Dorothy Day

White Washed Saints

6063940161_78a5fc93c8_b"Don't call me a saint," Dorothy Day once told an admirer, "I don't want to be dismissed so easily." We love saints and heroes. We have Presidents Day and Martin Luther King's birthday. We used to have Columbus Day. We celebrate Memorial Day and Veteran's Day. We build statues to star athletes and war heros.

Generally speaking, we love the dead ones most. The reason being that once they are dead, we can choose to remember them as we wish without the pesky reminders of who they actually are -- which living people tend to provide.

George Washington cannot tell a lie in our nation consciousness, though the story is apocryphal and an admitted fabrication.

Lincoln never has to deal with bouts of severe depression in the car sale commercials we run in his honor.

Mother Teresa said in the midst of her ministry she had not heard God speak to her for decades.

Martin Luther King's womanizing is quickly pushed behind the curtain as we put him on a pedestal.

I think that King may be the best example of the misguided but not malicious makeover that we give our dead heroes. MLK was a genius. If you've never read his letter from a Birmingham jail or his books, or even watched the movie Selma, you're missing out.

Having just read his book, Strength to Love, I believe that if MLK was alive today, he would be speaking out about the evil of war. Any and all wars.

If, after 9/11, he were to speak to our nation and caution us against replying to violence with violence, we would have turned on him quite viciously. But because he is dead, his blind patriotism is unquestioned. In fact, he was becoming a thorn in the side of the government when he turned against the Vietnam war prior to his assassination.

Indeed in Strength to Love, King says this: "There may have been a time when war served as a negative good by preventing the spread and growth of an evil force, but the destructive power of modern weapons eliminates even the possibility that war may serve as a negative good."

Would our love for King be so great if he continued to force us to face questions about our behaviour as a country? His agitation for civil rights is viewed highly through the lens of modern history. If he was alive to speak against other injustices that still exist, we may not be so quick to praise him.

Would King be closer in national opinion to Al Sharpton rather than how we celebrate him today?

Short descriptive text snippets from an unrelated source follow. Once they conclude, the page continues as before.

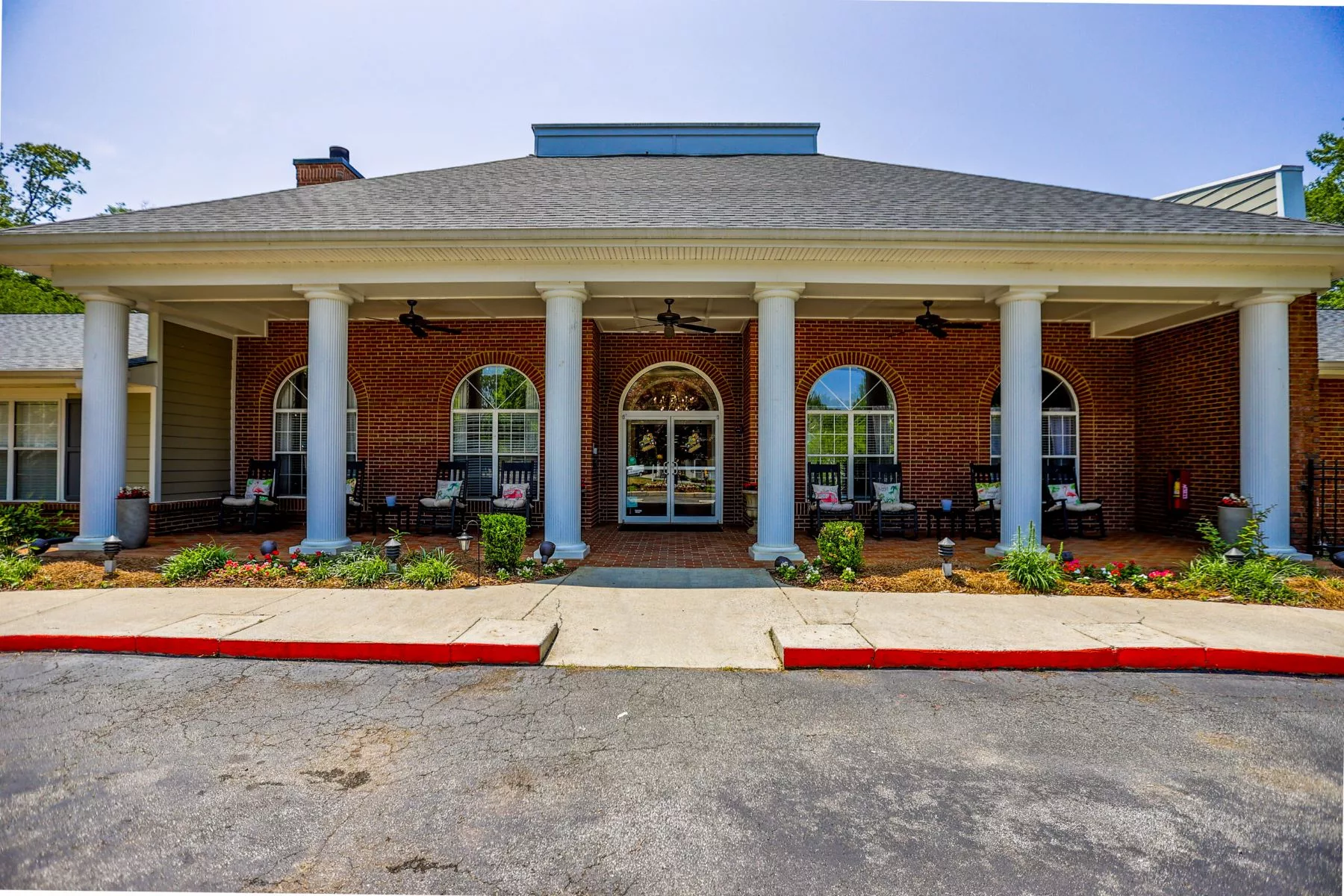 A brick building with large white columns at the entrance and a neatly landscaped area in front.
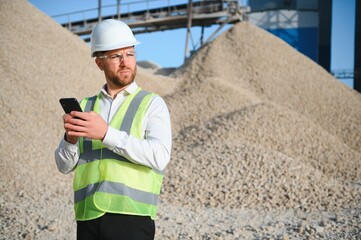 An engineer at a crushed stone or gravel plant. Stone mining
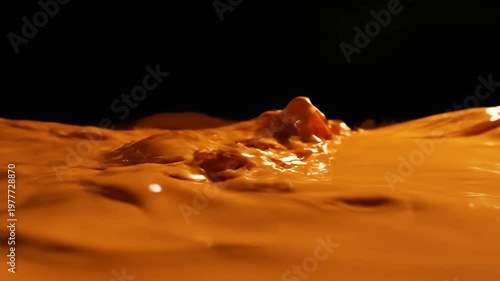 Wallpaper Mural Vibrant orange liquid splashing on a solid black background Torontodigital.ca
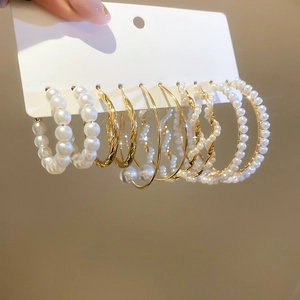 Close-up of golden pearl hoop earring set with various textures on a display card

Heros and saints are great. They are important. By their examples, they call us to think bigger and to give ourselves fully to a cause greater than ourselves. But when we ignore their problems and failings, it actually hurts us.

We think, "I'm not perfect like s/he is, so I shouldn't try to do what s/he did." Our heroes and saints lived in a broken and corrupt world, just like we do. They had to deal with the same crap that comes toward all of us. Sometimes, they didn't handle it well.

That gives me great reassurance. God can do great things through people who are sometimes as flawed as me. We live in an era where we crave the humanity of our heroes.

Watch the latest Superman and Batman movies to see that we no longer want paragons of virtue who are untested by emotion and character flaws. I hope we can continue to apply that lens to the real heroes of our current and past world and not just our fictional ideas.